◆ **What needs to be done**:
The entries below are to be copied exactly, with every picture left out.
......
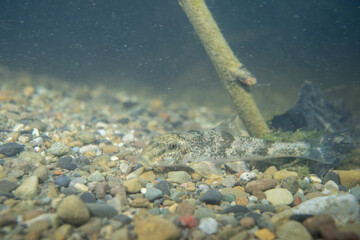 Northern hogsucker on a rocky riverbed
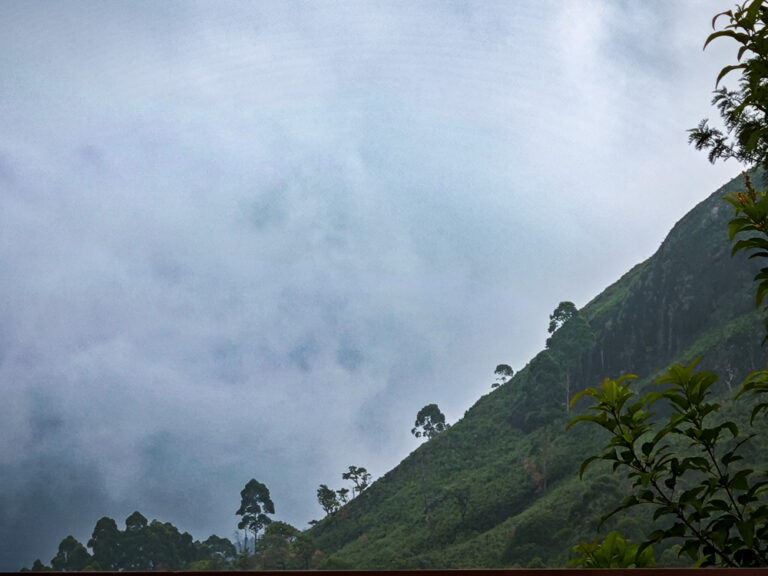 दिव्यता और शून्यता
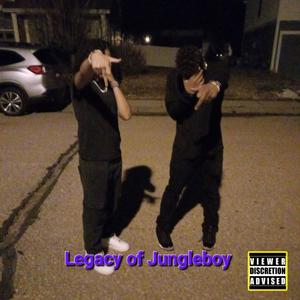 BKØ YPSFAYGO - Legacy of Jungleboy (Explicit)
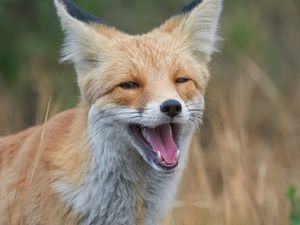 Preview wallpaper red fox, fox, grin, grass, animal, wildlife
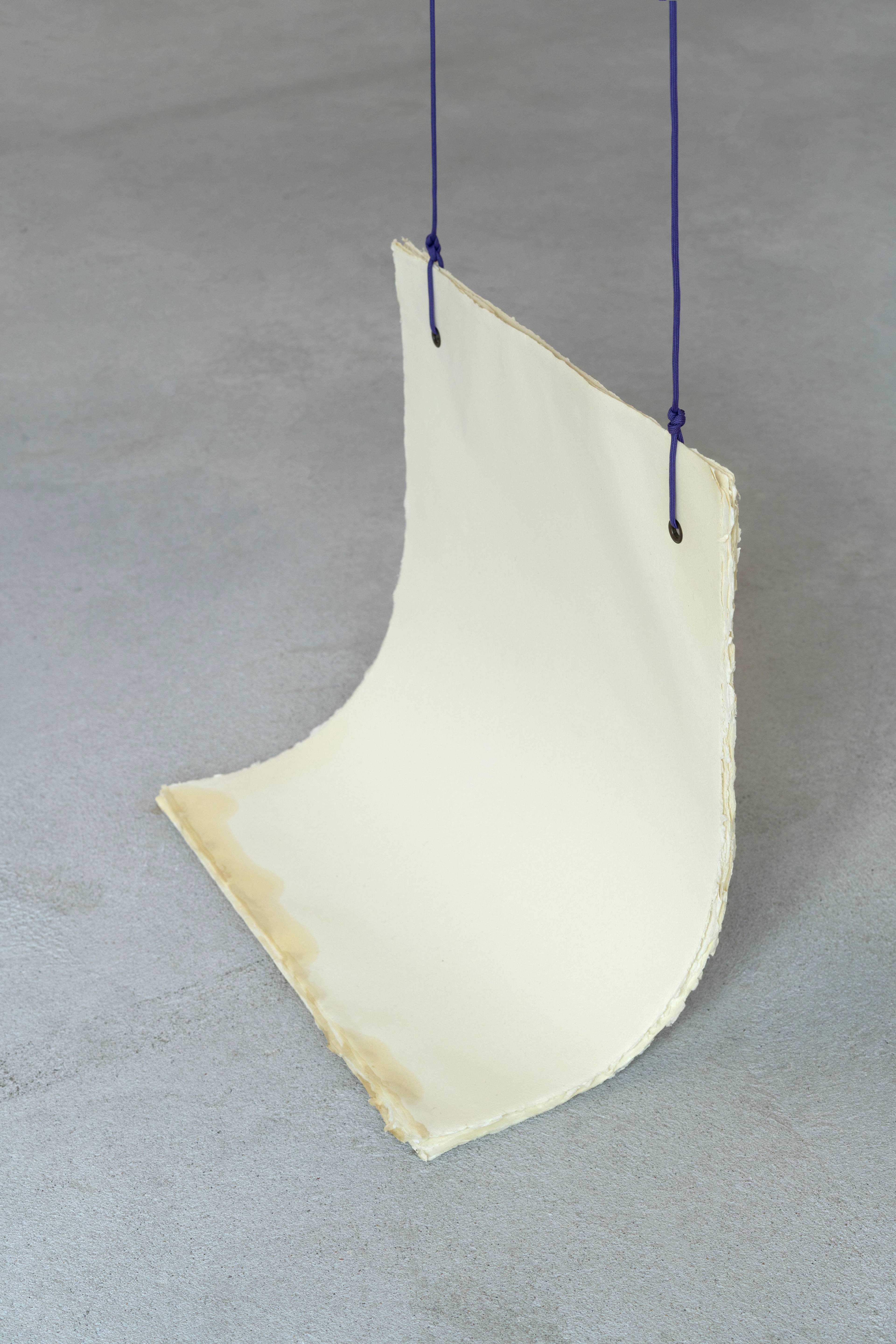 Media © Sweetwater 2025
......
◆ **Result of this task**:
 Northern hogsucker on a rocky riverbed
 दिव्यता और शून्यता
 BKØ YPSFAYGO - Legacy of Jungleboy (Explicit)
 Preview wallpaper red fox, fox, grin, grass, animal, wildlife
 Media © Sweetwater 2025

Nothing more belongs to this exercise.